In February 2005, SP Systems and its subsidiary Structural Polymer Systems, Limited (SP
Systems) filed an action against our Zoltek Corporation subsidiary in the U.S. District Court for
the Eastern District of Missouri, Eastern Division alleging that we breached a Supply Agreement
relating to our carbon fiber product known as Panex 33. The case was tried in November 2006 and the
jury rendered verdicts against our Zoltek Corporation subsidiary. In April 2007, the Court issued
an Order setting the amount of a supersedeas bond at $23.5 million in order to stay the execution
of the amended judgment pending our appeal. On October 8, 2008, the United States Court of Appeals
affirmed the district courts earlier denial of Zolteks motion for a new trial and motion for
judgment as a matter of law. The Court of Appeals also denied Structural Polymer Groups cross
appeal of the district courts reduction of the jurys damages award. Zoltek filed a motion for
rehearing by the full Eighth Circuit Court of Appeals. As of September 30, 2008, the Company had
accrued $23.1 million with respect to this matter. The Company expects that the ultimate
resolution of the litigation will not have any additional material adverse effect on the Companys
business, financial condition or liquidity.

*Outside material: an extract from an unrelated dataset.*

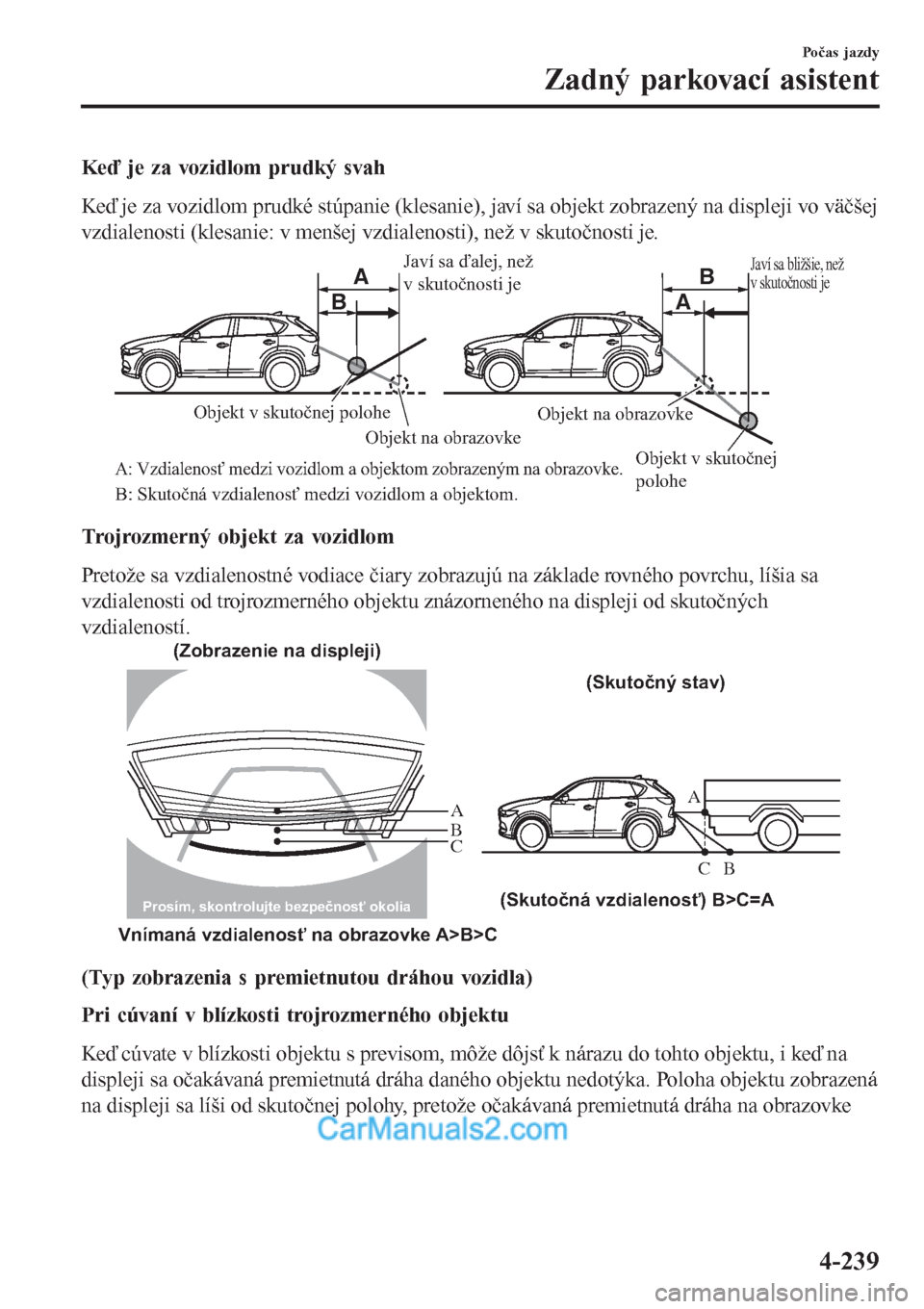 MAZDA MODEL CX-5 2017  Užívateľská príručka (in Slovak) Keď je za vozidlom prudký svah
Keď je za vozidlom prudké stúpanie (klesanie), javí sa objekt zobrazený na displeji vo väčšej
vzdialenosti (klesanie: v menšej vzdialenosti), než v skutočno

Zoltek has filed a separate lawsuit alleging that SP Systems breached its supply agreement and
committed fraud against Zoltek. Zoltek is claiming actual and punitive damages of in excess of $78
million in that suit, which it will continue to vigorously prosecute.
In September 2004, the Company was named a defendant in a civil action filed by an investment
banker that was retained to obtain equity investors, alleging breach by the Company of the
Companys obligations under the agreement signed by the parties. On May 9, 2006, the court entered
judgment for Scott Macon in the amount of $3.6 million for placement fees, plus warrants for the
purchase of 122,888 of Zoltek stock. In October 2007, the United States Court of Appeals for the
Second Circuit upheld the liability against Zoltek affirming the judgment for $2.5 million in cash
and warrants to purchase approximately 92,000 shares of the Companys common stock and remanded
back to the District Court for further proceeding fees at issue of approximately $1.1 million and
approximately 31,000 warrants of Zoltek common stock plus interest. In October 2008, the Company
settled the case for $5.8 million cash which had been fully accrued as a litigation charge as of
September 30, 2008.
On May 13, 2008, the Company received a letter from the enforcement staff of the Securities
and Exchange Commission indicating that the staff was conducting a non-public, fact finding
investigation and requested that the Company retain certain records and produce information and
documents related to matters disclosed in the Companys Current Report on Form 8-K filed May 5,
2008 relating to payments directed by the Companys former Chief Financial Officer that were not
properly authorized or recorded. The Company has cooperated fully with its investigation. The
Company has submitted all information requested by the staff.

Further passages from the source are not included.